From the entries below, print exactly the span beginning with the line holding "Table basse pour" and ending with the line holding "153 Pleasant Point", endpoints included, and skip any pictures.

* **Data for review**:
* * * *

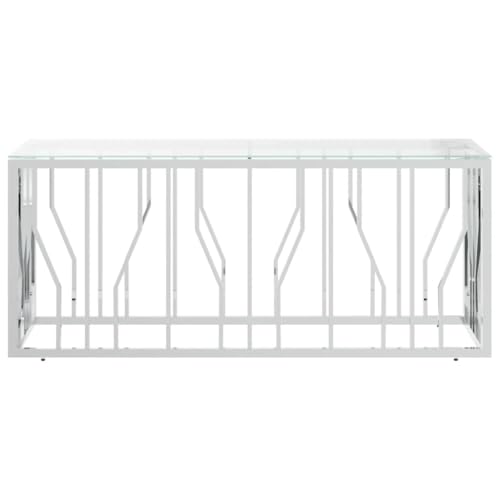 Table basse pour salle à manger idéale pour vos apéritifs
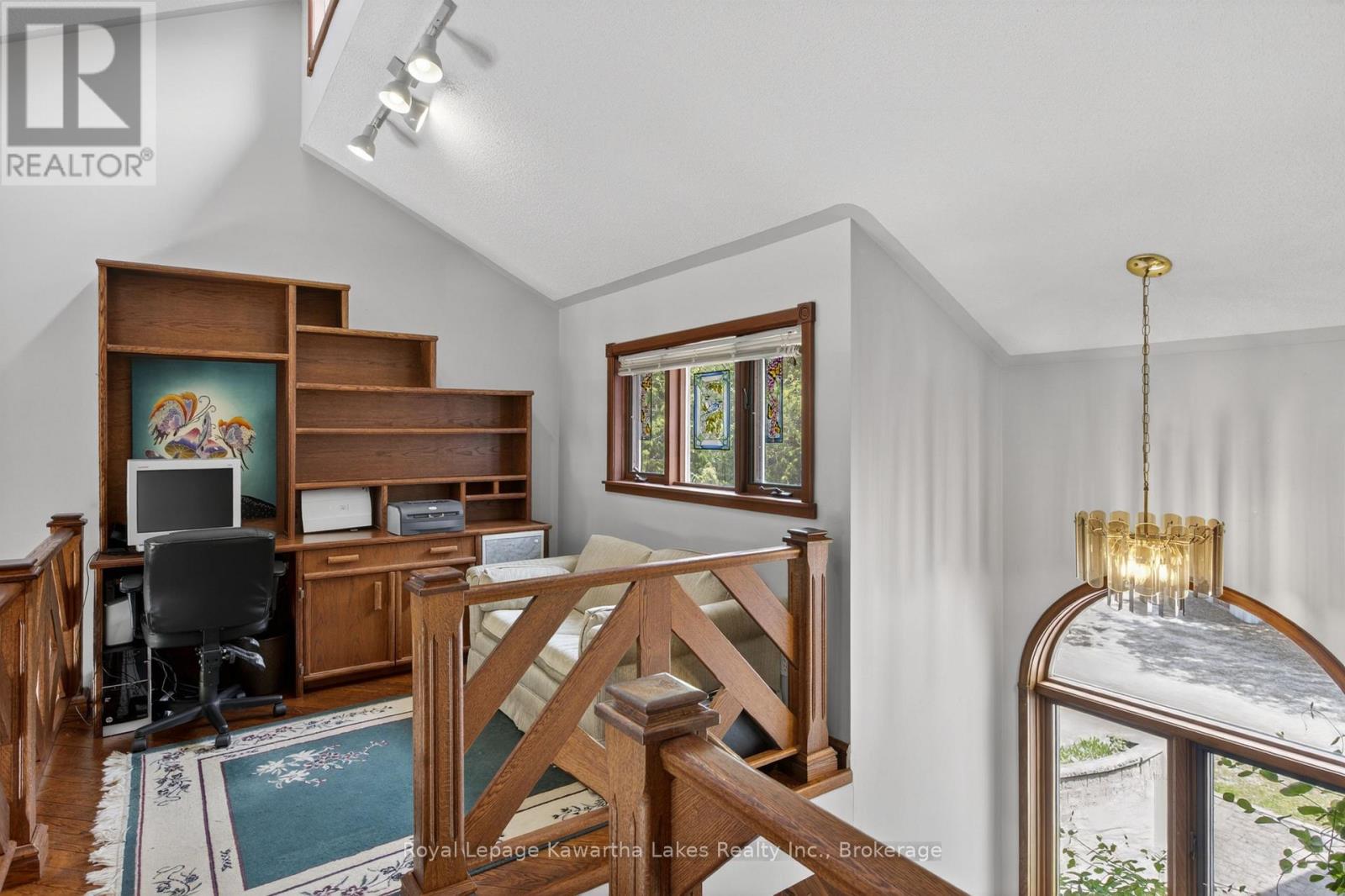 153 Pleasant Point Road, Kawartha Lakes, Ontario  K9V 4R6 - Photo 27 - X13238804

* * * *

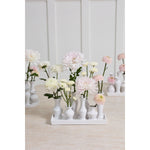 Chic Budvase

* * * *

* **Task response**:
 Table basse pour salle à manger idéale pour vos apéritifs
 153 Pleasant Point Road, Kawartha Lakes, Ontario  K9V 4R6 - Photo 27 - X13238804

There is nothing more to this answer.